— Exercise aim —
Starting at the line with "2003 Toyota Voxy" and ending at the line with "Grain – Quilted", print exactly the lines of the entries below. Pictures do not belong in the copy.

— Material to process —
------------------------------------------------
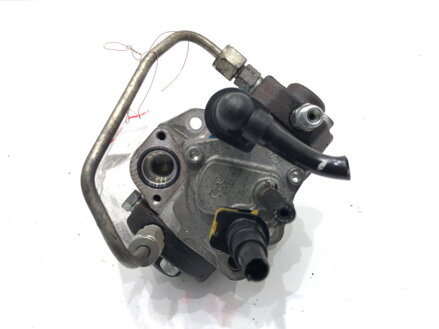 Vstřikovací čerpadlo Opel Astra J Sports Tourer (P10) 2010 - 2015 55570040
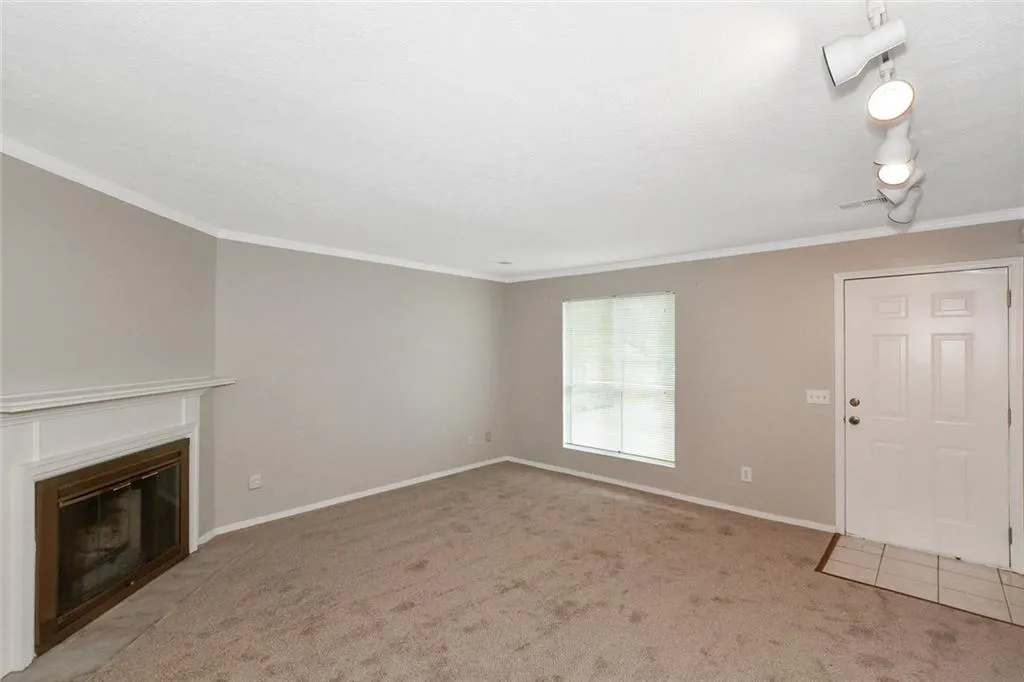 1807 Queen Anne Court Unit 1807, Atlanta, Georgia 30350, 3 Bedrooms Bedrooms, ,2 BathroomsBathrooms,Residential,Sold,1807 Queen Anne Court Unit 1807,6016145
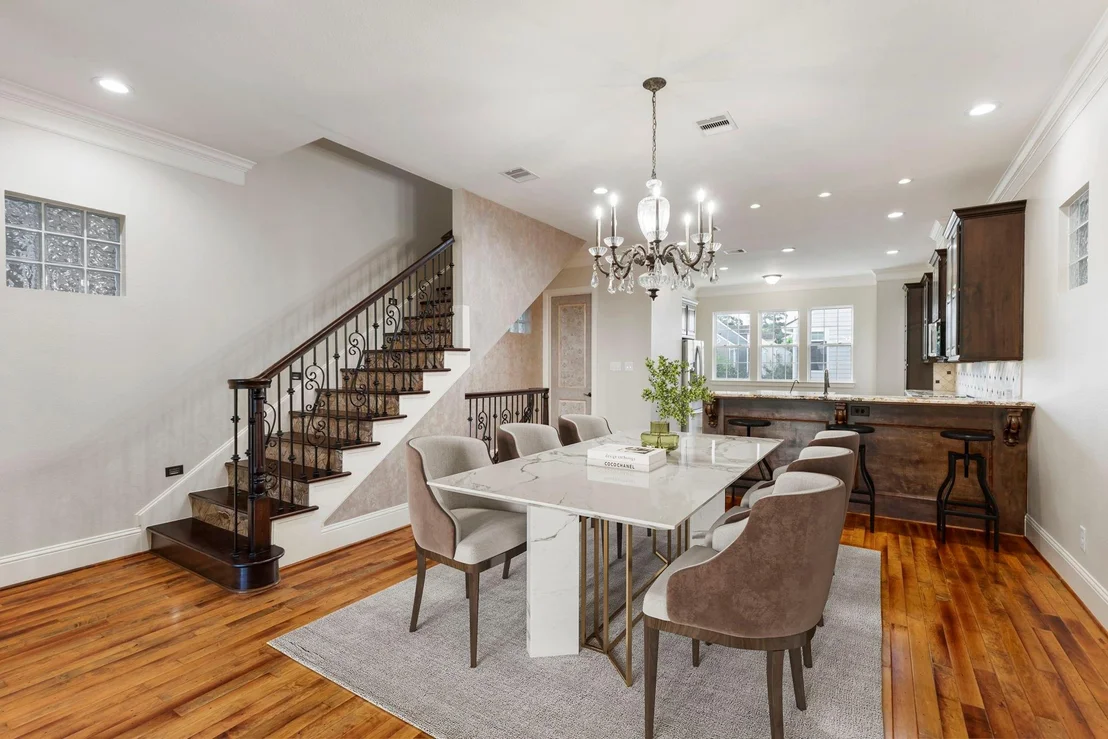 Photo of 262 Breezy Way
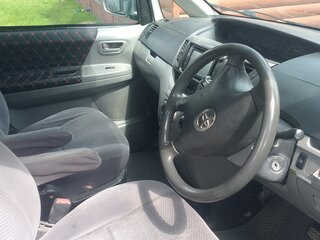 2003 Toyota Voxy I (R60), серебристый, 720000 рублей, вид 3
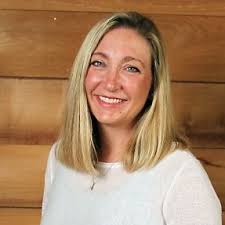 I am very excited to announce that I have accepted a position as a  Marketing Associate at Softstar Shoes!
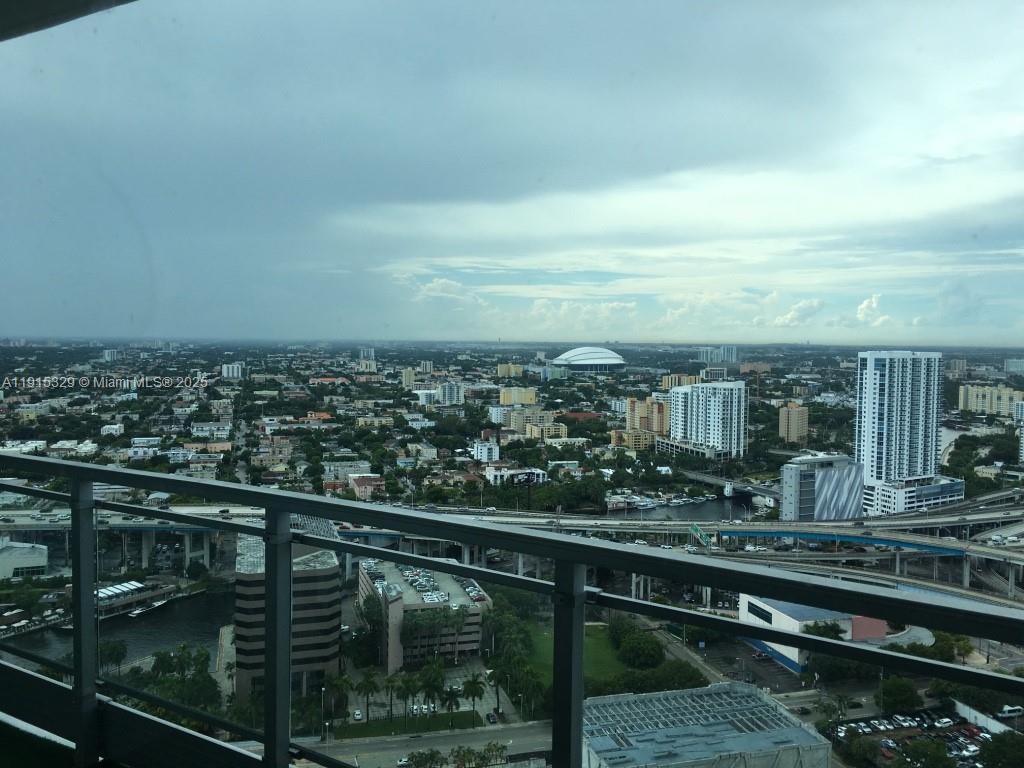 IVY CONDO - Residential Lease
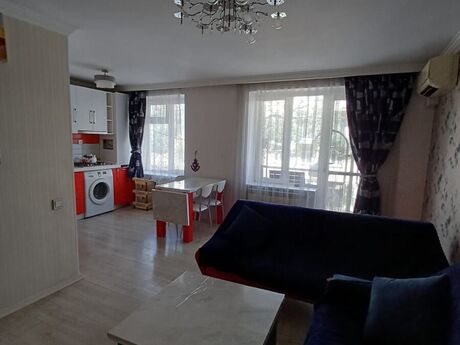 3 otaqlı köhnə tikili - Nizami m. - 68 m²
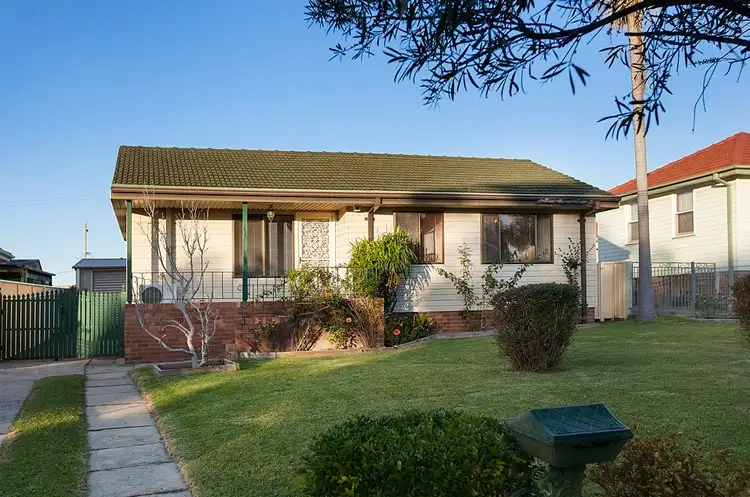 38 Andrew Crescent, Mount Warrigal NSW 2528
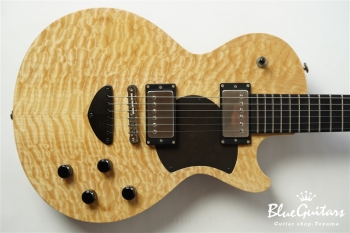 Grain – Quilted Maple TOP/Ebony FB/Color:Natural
------------------------------------------------
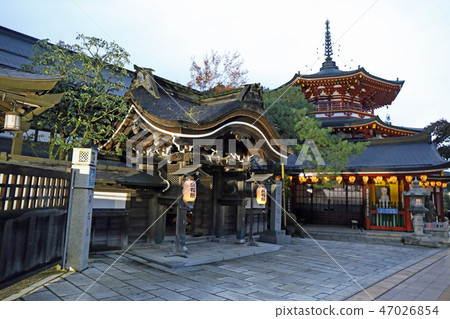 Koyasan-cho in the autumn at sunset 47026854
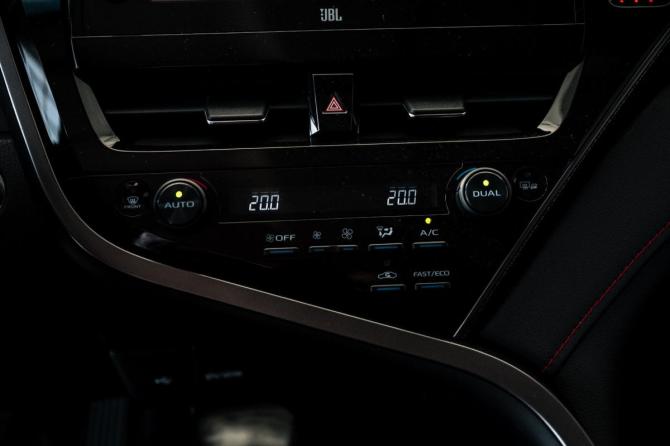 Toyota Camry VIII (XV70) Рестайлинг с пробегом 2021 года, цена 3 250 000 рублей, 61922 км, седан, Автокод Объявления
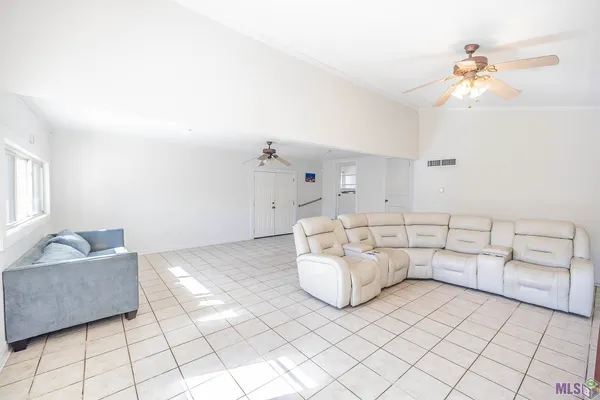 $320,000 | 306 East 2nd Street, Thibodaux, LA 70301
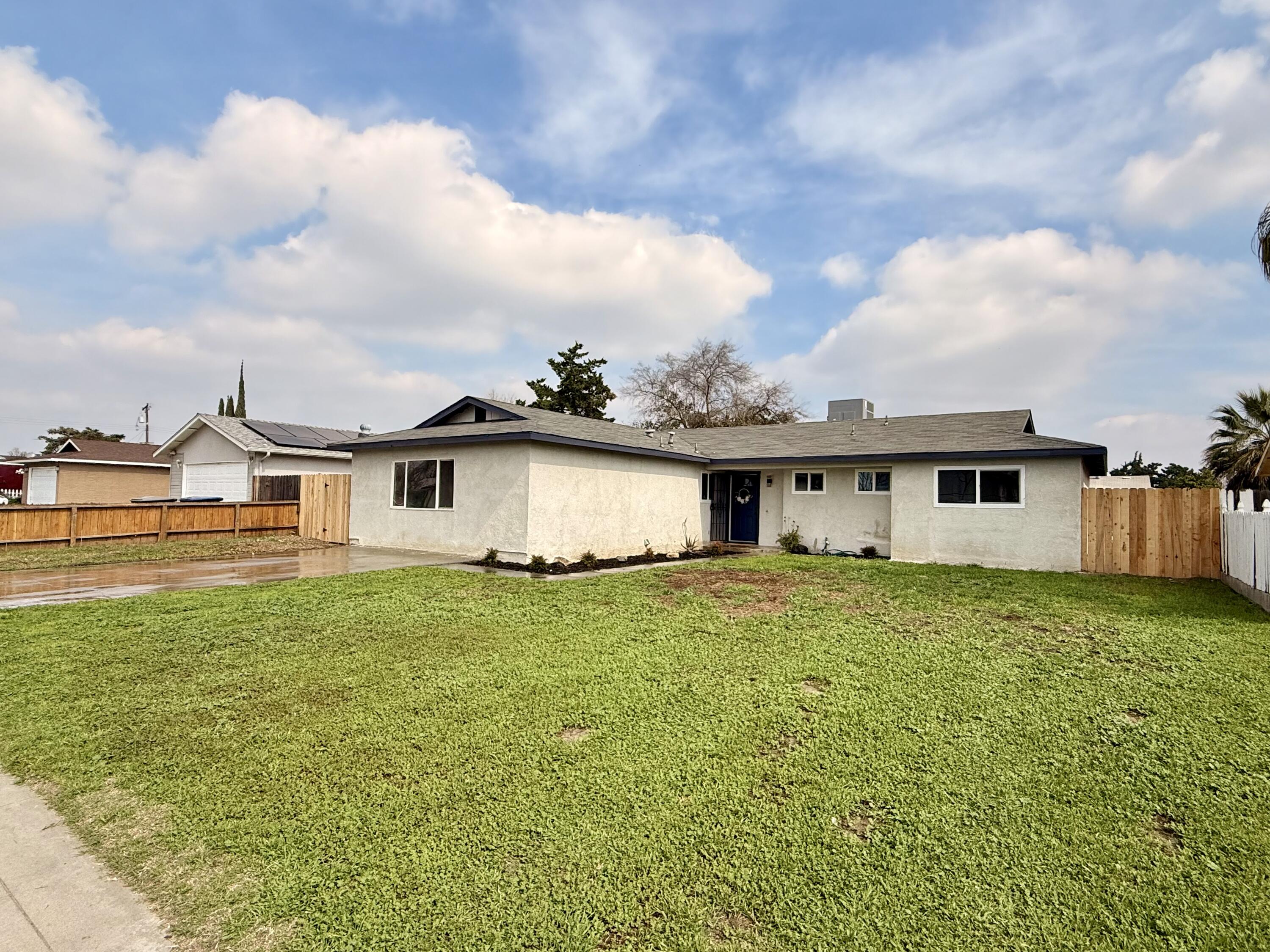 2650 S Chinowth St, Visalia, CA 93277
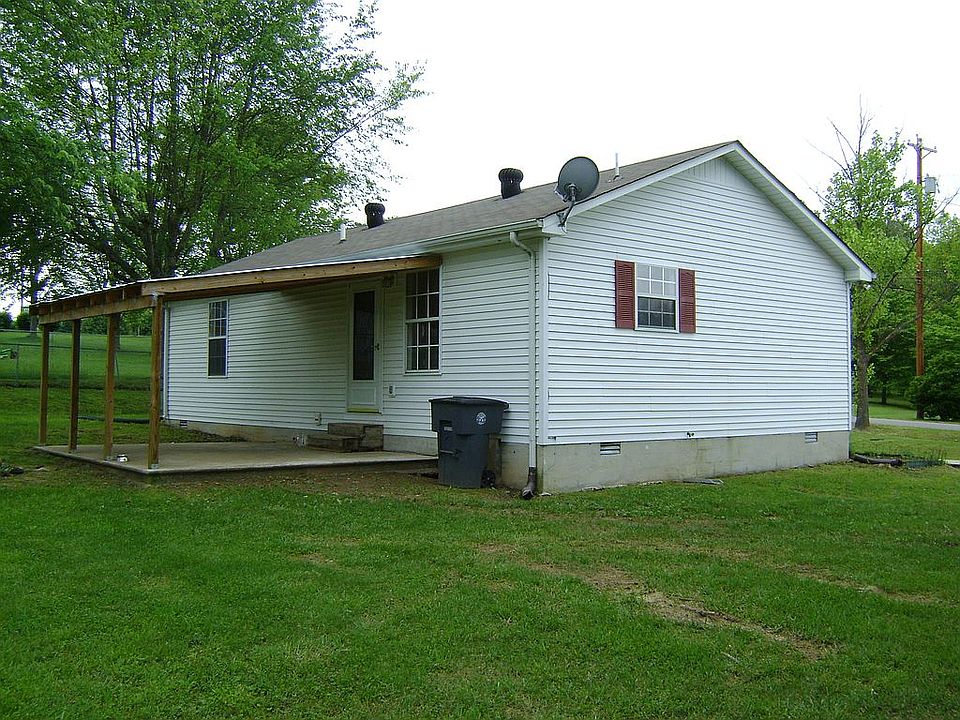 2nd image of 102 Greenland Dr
------------------------------------------------
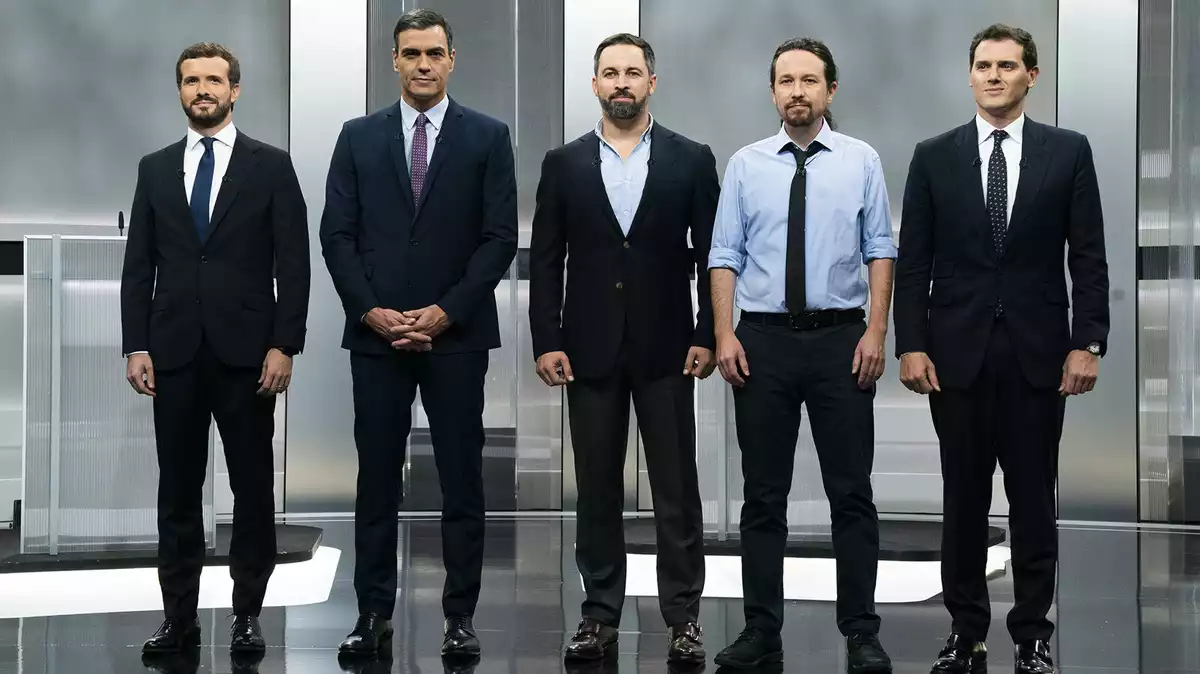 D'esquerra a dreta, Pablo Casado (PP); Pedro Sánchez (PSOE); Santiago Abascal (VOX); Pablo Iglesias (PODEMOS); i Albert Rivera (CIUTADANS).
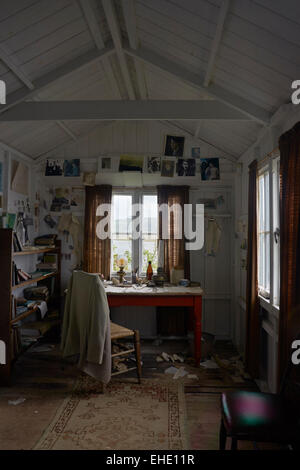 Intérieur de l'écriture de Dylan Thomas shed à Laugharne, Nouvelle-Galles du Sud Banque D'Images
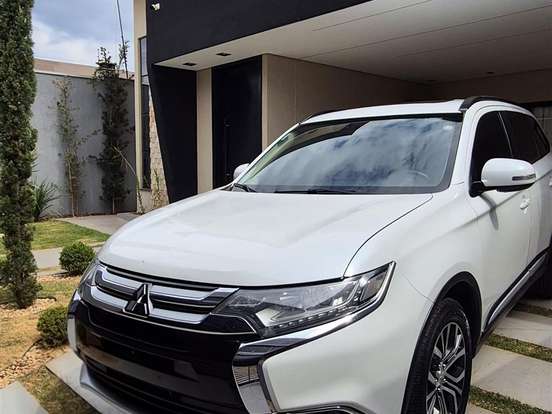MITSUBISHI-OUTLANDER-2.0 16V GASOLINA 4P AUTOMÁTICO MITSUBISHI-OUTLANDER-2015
------------------------------------------------
— Response box —
 2003 Toyota Voxy I (R60), серебристый, 720000 рублей, вид 3
 I am very excited to announce that I have accepted a position as a  Marketing Associate at Softstar Shoes!
 IVY CONDO - Residential Lease
 3 otaqlı köhnə tikili - Nizami m. - 68 m²
 38 Andrew Crescent, Mount Warrigal NSW 2528
 Grain – Quilted Maple TOP/Ebony FB/Color:Natural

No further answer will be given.